### Try it
In your copy, leave out the pictures; write out all the data exactly.

### Data to use
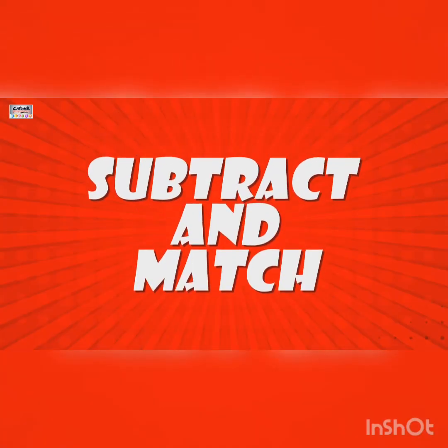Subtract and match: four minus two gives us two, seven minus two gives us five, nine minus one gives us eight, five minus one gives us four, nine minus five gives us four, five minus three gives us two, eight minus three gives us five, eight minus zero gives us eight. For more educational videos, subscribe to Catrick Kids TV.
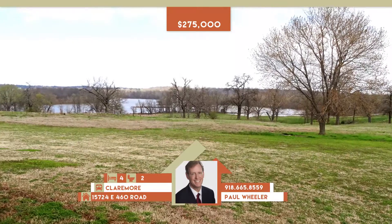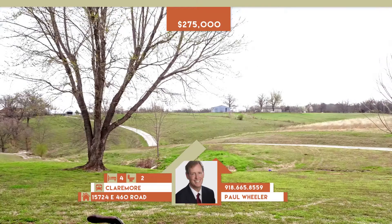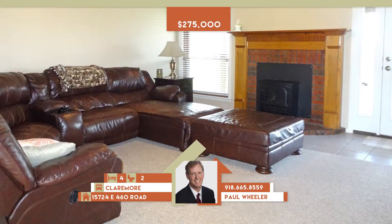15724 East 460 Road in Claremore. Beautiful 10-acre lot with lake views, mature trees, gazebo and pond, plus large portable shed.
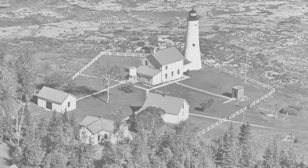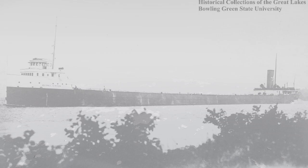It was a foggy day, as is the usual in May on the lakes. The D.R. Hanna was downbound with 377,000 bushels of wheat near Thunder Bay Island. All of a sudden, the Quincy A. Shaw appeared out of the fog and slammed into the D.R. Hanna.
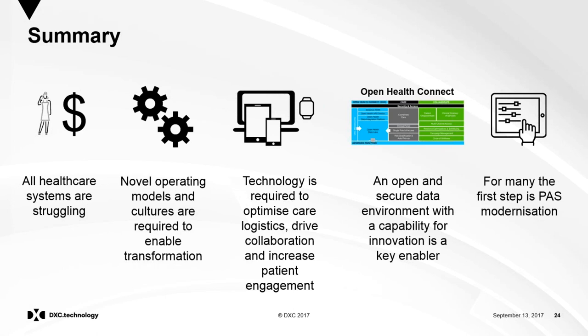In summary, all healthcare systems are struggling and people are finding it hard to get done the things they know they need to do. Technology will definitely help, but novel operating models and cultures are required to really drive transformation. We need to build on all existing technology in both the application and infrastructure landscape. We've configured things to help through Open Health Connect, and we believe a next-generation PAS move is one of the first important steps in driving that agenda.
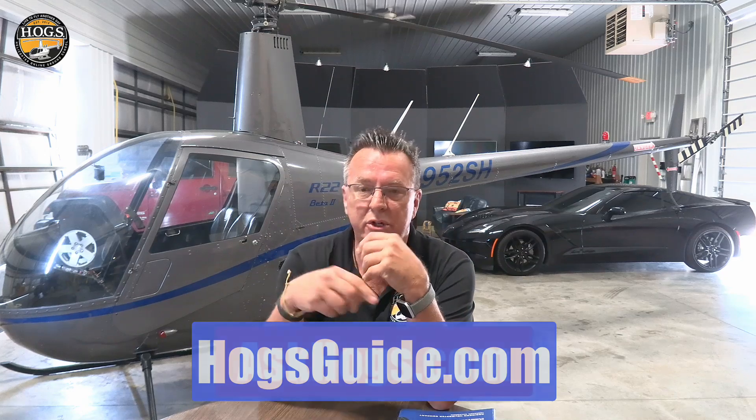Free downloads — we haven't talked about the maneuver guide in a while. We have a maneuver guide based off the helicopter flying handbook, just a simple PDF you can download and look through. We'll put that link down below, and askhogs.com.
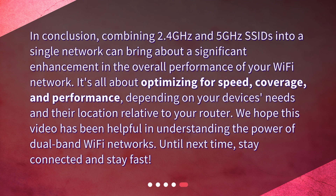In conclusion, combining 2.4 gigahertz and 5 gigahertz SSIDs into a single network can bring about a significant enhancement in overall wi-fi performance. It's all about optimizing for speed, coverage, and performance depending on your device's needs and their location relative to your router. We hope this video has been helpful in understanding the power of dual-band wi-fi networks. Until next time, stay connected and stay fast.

### Exercise result
Subtract and match: four minus two gives us two, seven minus two gives us five, nine minus one gives us eight, five minus one gives us four, nine minus five gives us four, five minus three gives us two, eight minus three gives us five, eight minus zero gives us eight. For more educational videos, subscribe to Catrick Kids TV.
15724 East 460 Road in Claremore. Beautiful 10-acre lot with lake views, mature trees, gazebo and pond, plus large portable shed.
It was a foggy day, as is the usual in May on the lakes. The D.R. Hanna was downbound with 377,000 bushels of wheat near Thunder Bay Island. All of a sudden, the Quincy A. Shaw appeared out of the fog and slammed into the D.R. Hanna.
In summary, all healthcare systems are struggling and people are finding it hard to get done the things they know they need to do. Technology will definitely help, but novel operating models and cultures are required to really drive transformation. We need to build on all existing technology in both the application and infrastructure landscape. We've configured things to help through Open Health Connect, and we believe a next-generation PAS move is one of the first important steps in driving that agenda.
Free downloads — we haven't talked about the maneuver guide in a while. We have a maneuver guide based off the helicopter flying handbook, just a simple PDF you can download and look through. We'll put that link down below, and askhogs.com.
In conclusion, combining 2.4 gigahertz and 5 gigahertz SSIDs into a single network can bring about a significant enhancement in overall wi-fi performance. It's all about optimizing for speed, coverage, and performance depending on your device's needs and their location relative to your router. We hope this video has been helpful in understanding the power of dual-band wi-fi networks. Until next time, stay connected and stay fast.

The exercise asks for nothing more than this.